» **EXERCISE DETAILS**
Omit every picture and return the rest of the data unaltered.

» **TASK INPUTS**
== Segment start ==
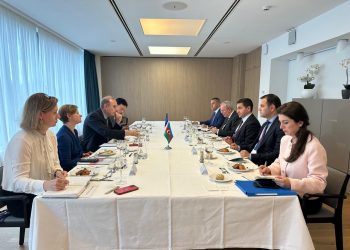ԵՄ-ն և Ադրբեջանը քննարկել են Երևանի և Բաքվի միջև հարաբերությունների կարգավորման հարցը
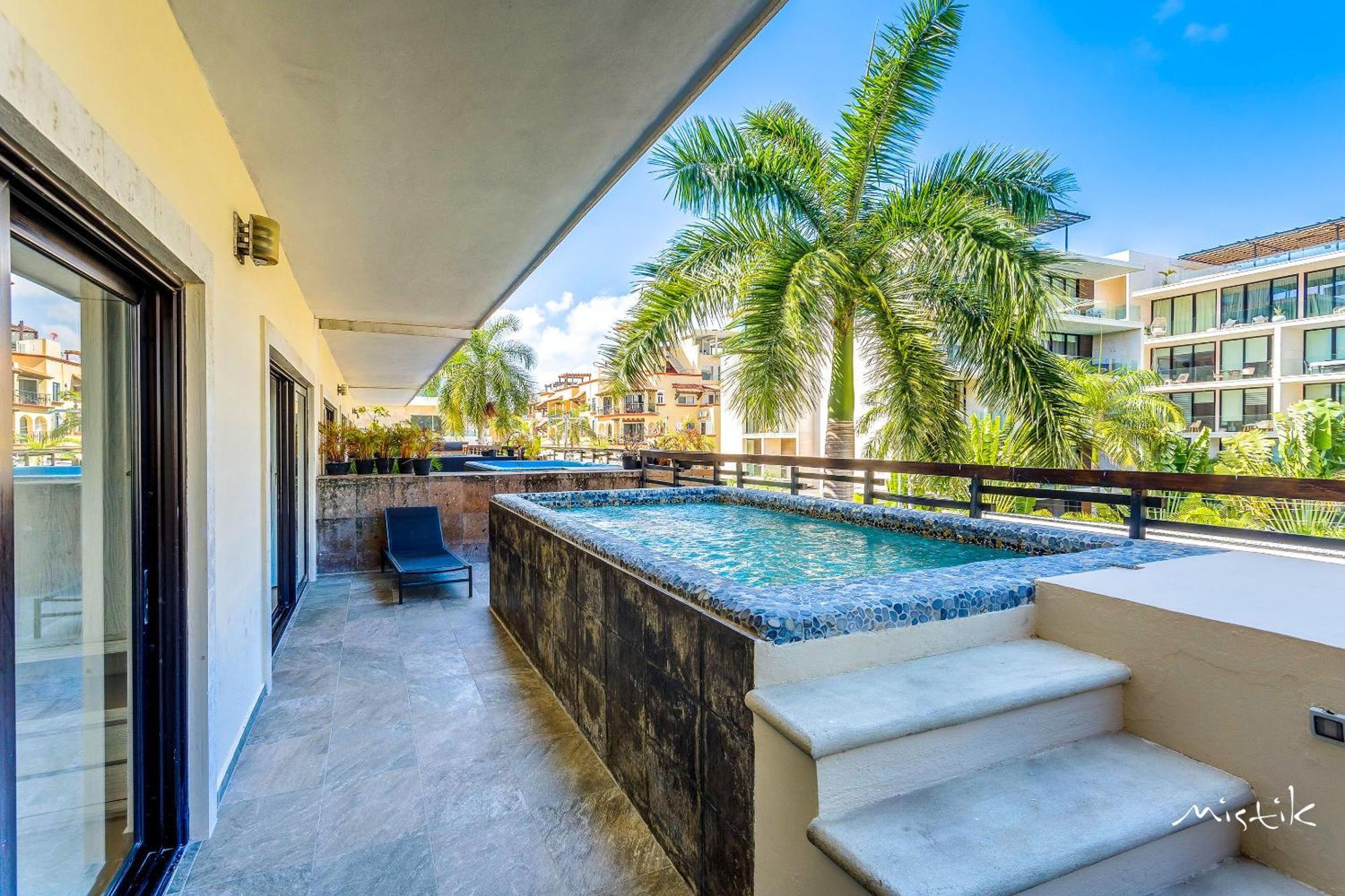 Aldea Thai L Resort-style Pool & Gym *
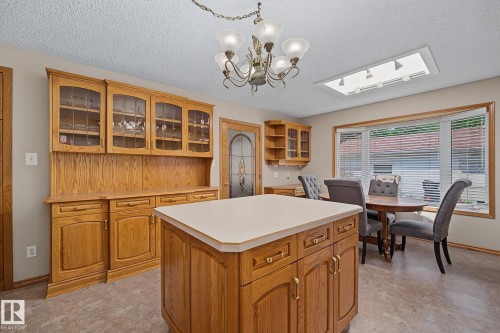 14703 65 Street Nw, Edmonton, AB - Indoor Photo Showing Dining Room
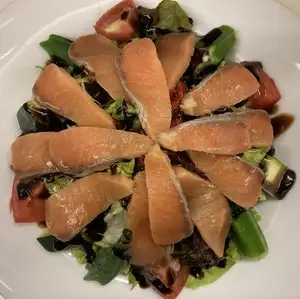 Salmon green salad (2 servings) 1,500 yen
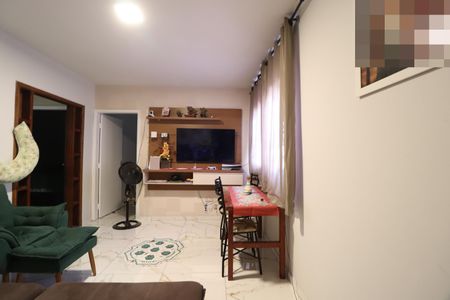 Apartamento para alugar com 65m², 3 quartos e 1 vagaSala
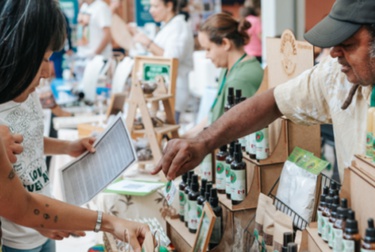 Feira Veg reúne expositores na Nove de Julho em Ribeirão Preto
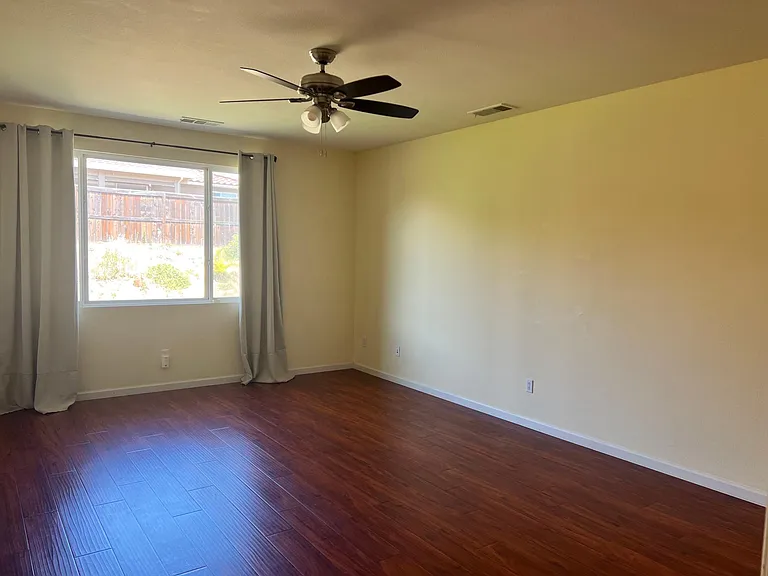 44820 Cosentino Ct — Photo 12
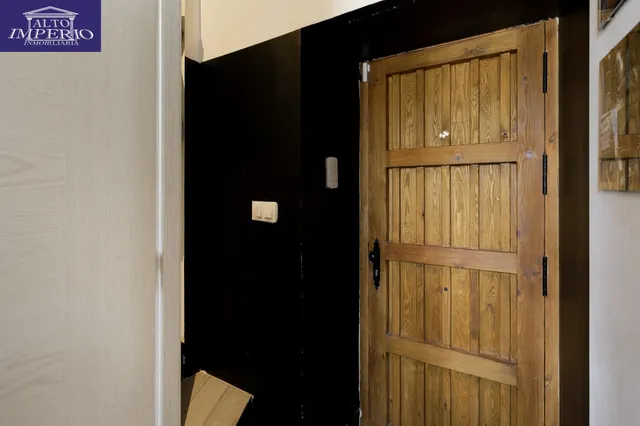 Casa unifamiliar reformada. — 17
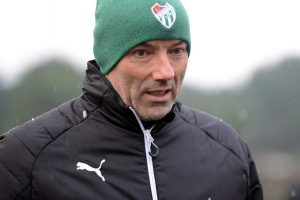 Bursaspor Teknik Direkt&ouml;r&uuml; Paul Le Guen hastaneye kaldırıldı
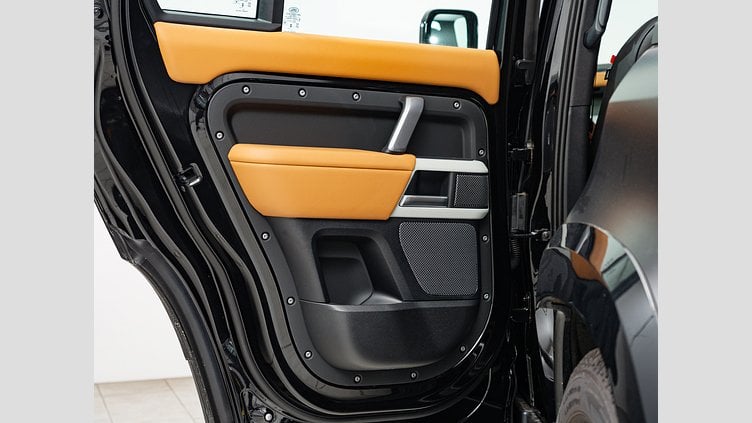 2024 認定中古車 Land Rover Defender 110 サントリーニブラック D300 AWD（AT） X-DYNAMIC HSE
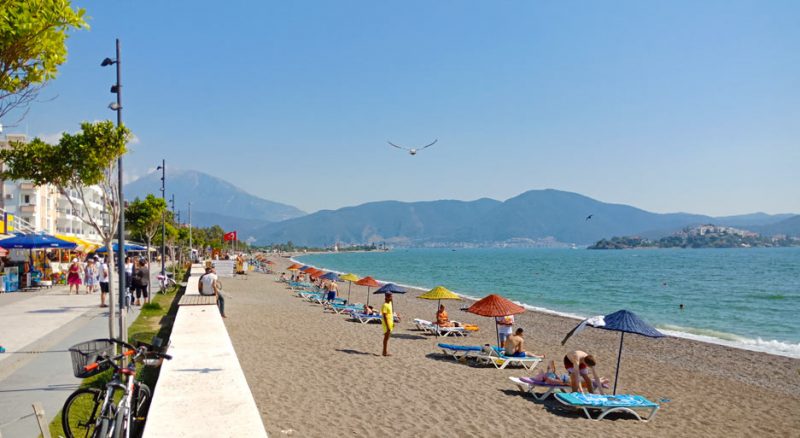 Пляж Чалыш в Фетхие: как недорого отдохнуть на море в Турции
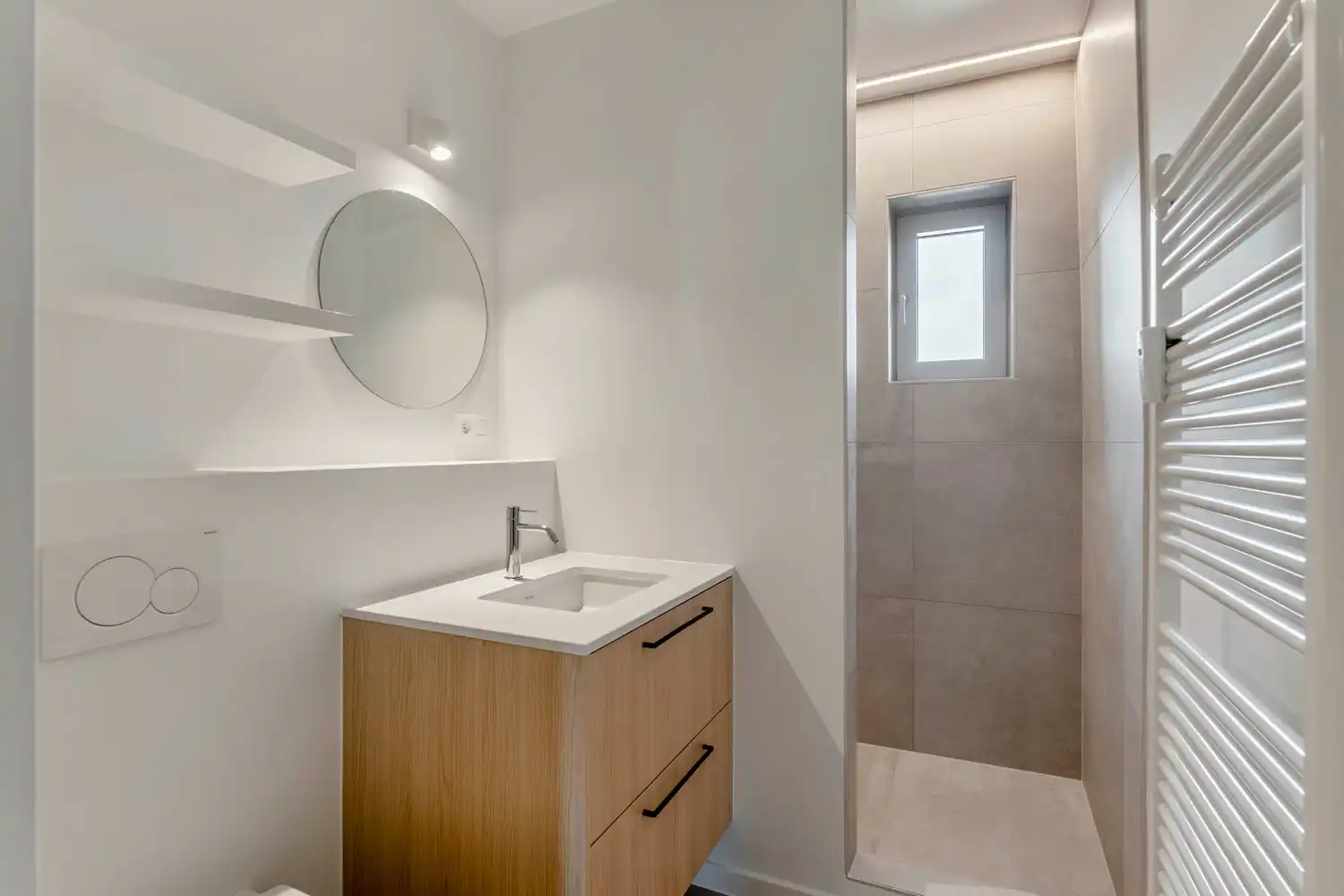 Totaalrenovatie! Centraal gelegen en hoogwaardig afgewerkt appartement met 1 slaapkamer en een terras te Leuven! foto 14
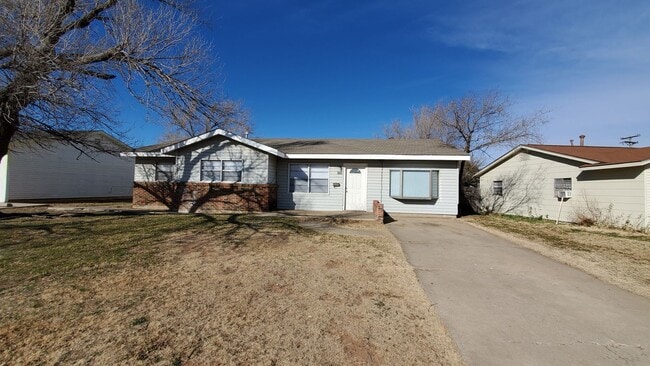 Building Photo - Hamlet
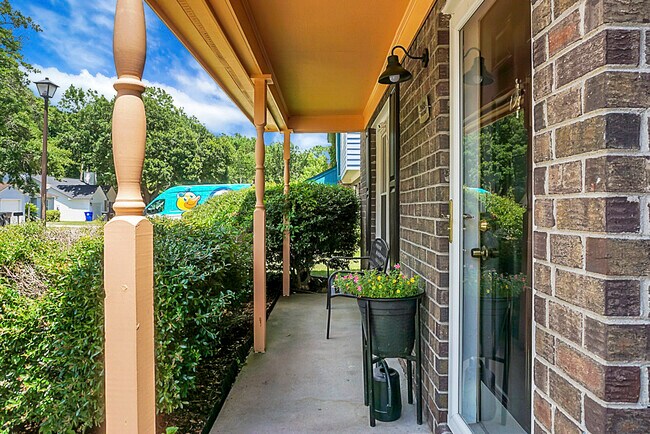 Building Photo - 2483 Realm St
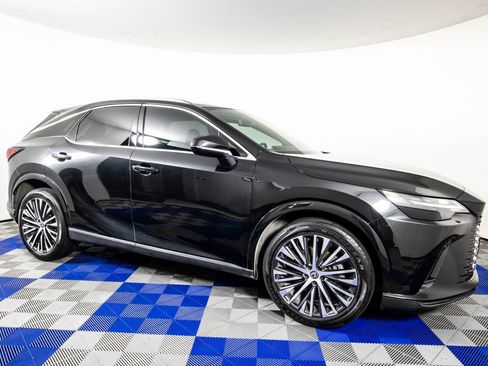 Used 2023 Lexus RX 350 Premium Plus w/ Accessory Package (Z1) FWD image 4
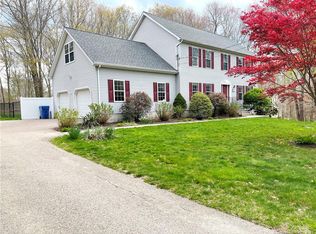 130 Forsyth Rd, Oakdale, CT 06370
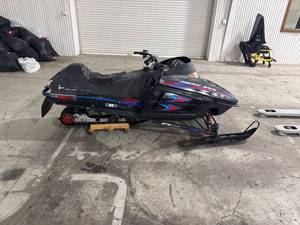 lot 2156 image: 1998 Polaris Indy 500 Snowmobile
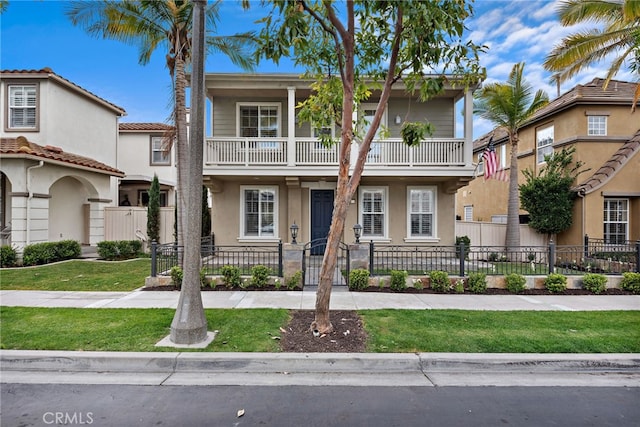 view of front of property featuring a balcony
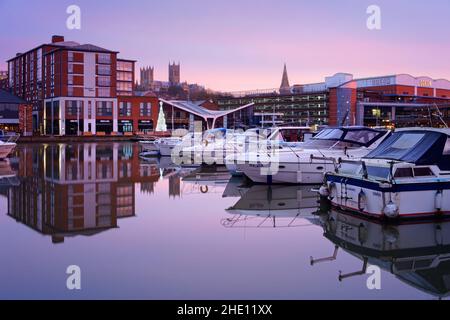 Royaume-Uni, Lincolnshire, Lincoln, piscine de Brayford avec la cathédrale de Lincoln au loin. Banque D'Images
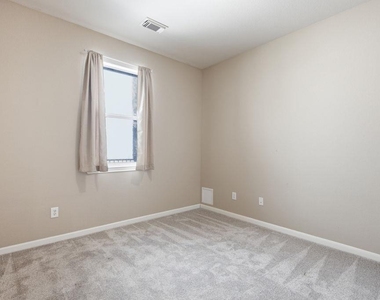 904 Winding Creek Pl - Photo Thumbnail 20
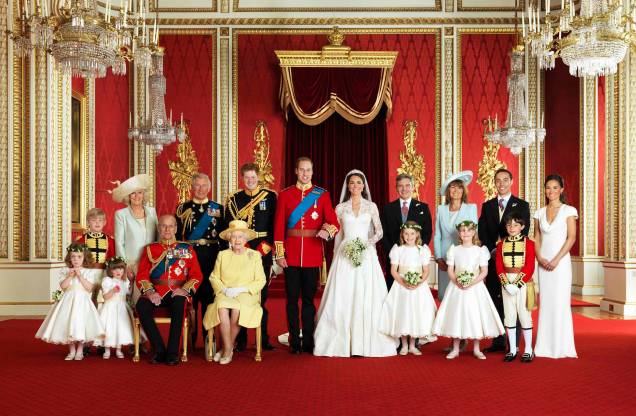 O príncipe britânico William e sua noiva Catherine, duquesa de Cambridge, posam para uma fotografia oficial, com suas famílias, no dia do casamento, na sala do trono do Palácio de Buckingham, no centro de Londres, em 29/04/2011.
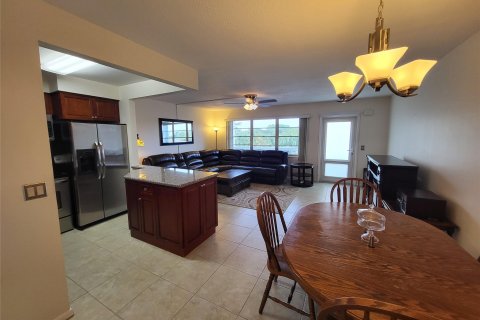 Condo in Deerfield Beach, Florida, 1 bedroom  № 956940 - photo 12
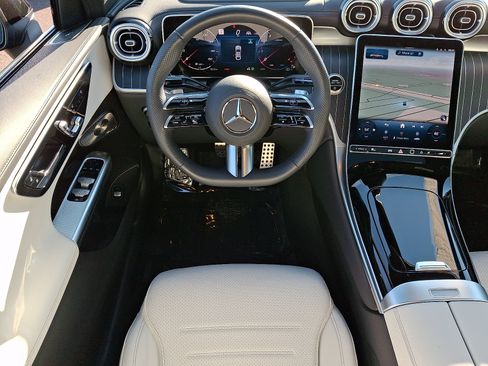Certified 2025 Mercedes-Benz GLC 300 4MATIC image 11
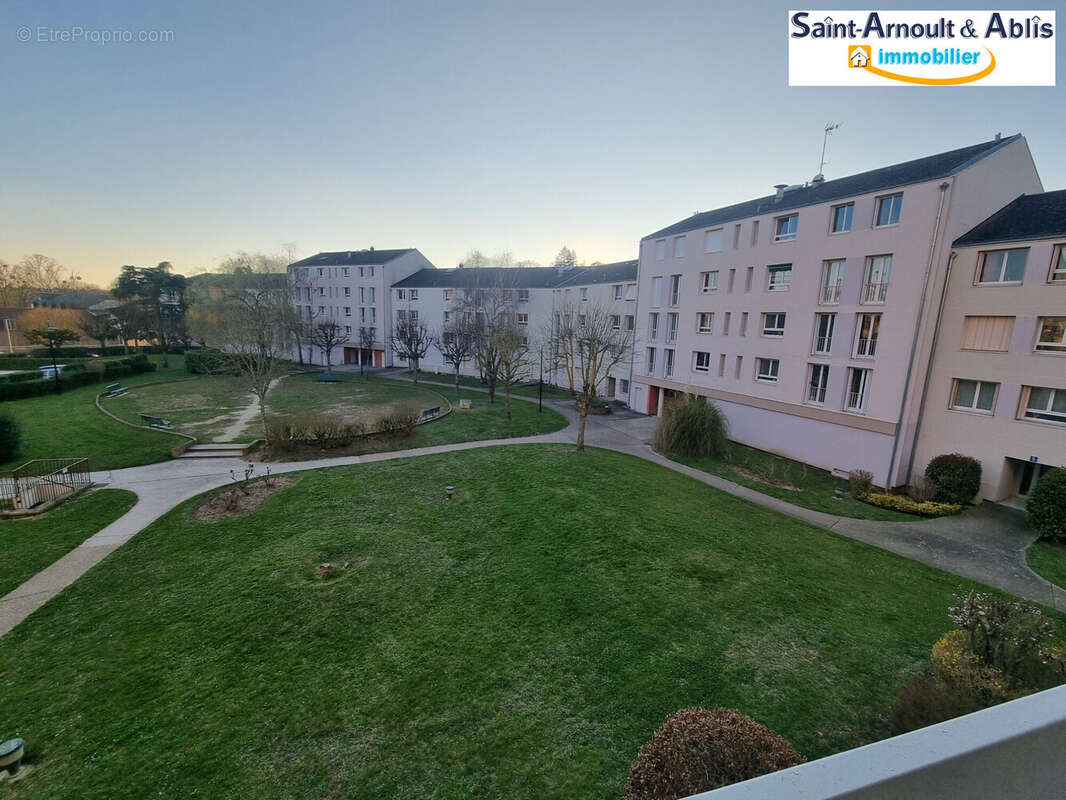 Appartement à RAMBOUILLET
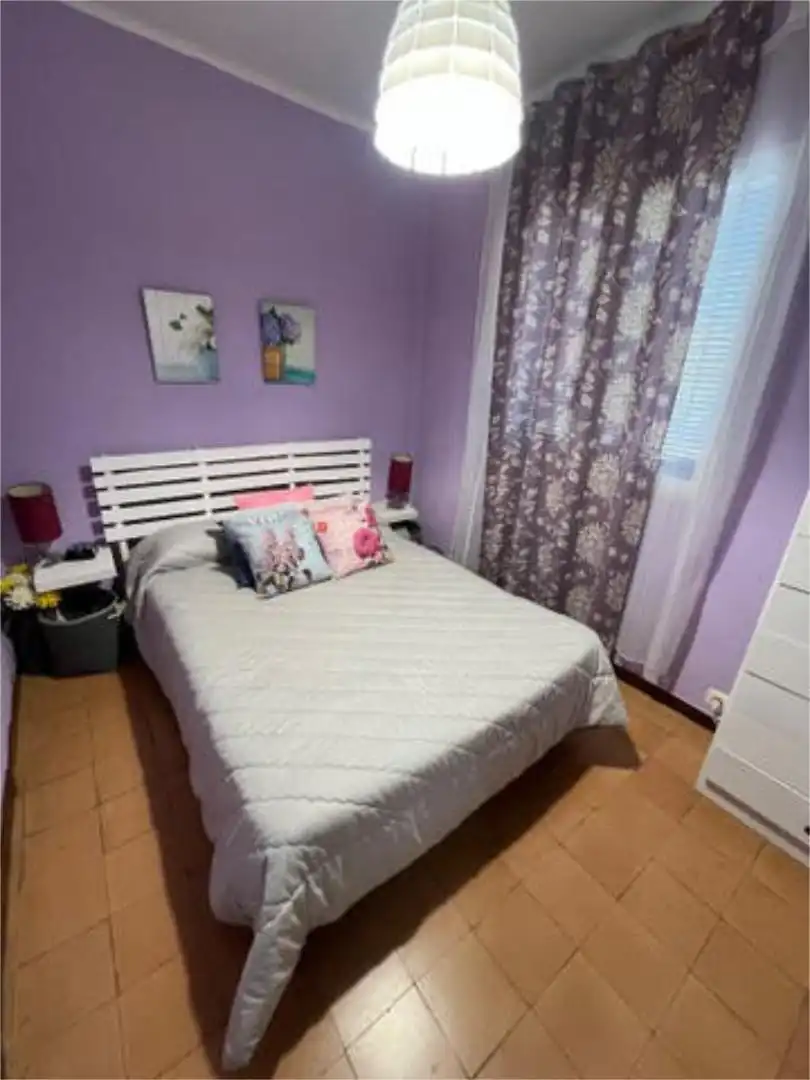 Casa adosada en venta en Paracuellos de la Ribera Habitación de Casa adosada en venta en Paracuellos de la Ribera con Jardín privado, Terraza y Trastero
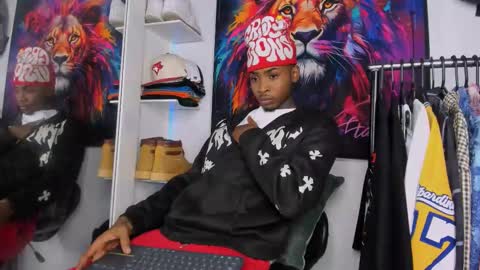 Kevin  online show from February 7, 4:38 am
== Segment end ==
» **RESPONSE FOR THIS EXERCISE**
ԵՄ-ն և Ադրբեջանը քննարկել են Երևանի և Բաքվի միջև հարաբերությունների կարգավորման հարցը
 Aldea Thai L Resort-style Pool & Gym *
 14703 65 Street Nw, Edmonton, AB - Indoor Photo Showing Dining Room
 Salmon green salad (2 servings) 1,500 yen
 Apartamento para alugar com 65m², 3 quartos e 1 vagaSala
 Feira Veg reúne expositores na Nove de Julho em Ribeirão Preto
 44820 Cosentino Ct — Photo 12
 Casa unifamiliar reformada. — 17
 Bursaspor Teknik Direkt&ouml;r&uuml; Paul Le Guen hastaneye kaldırıldı
 2024 認定中古車 Land Rover Defender 110 サントリーニブラック D300 AWD（AT） X-DYNAMIC HSE
 Пляж Чалыш в Фетхие: как недорого отдохнуть на море в Турции
 Totaalrenovatie! Centraal gelegen en hoogwaardig afgewerkt appartement met 1 slaapkamer en een terras te Leuven! foto 14
 Building Photo - Hamlet
 Building Photo - 2483 Realm St
 Used 2023 Lexus RX 350 Premium Plus w/ Accessory Package (Z1) FWD image 4
 130 Forsyth Rd, Oakdale, CT 06370
 lot 2156 image: 1998 Polaris Indy 500 Snowmobile
 view of front of property featuring a balcony
 Royaume-Uni, Lincolnshire, Lincoln, piscine de Brayford avec la cathédrale de Lincoln au loin. Banque D'Images
 904 Winding Creek Pl - Photo Thumbnail 20
 O príncipe britânico William e sua noiva Catherine, duquesa de Cambridge, posam para uma fotografia oficial, com suas famílias, no dia do casamento, na sala do trono do Palácio de Buckingham, no centro de Londres, em 29/04/2011.
 Condo in Deerfield Beach, Florida, 1 bedroom  № 956940 - photo 12
Certified 2025 Mercedes-Benz GLC 300 4MATIC image 11
 Appartement à RAMBOUILLET
 Casa adosada en venta en Paracuellos de la Ribera Habitación de Casa adosada en venta en Paracuellos de la Ribera con Jardín privado, Terraza y Trastero
 Kevin  online show from February 7, 4:38 am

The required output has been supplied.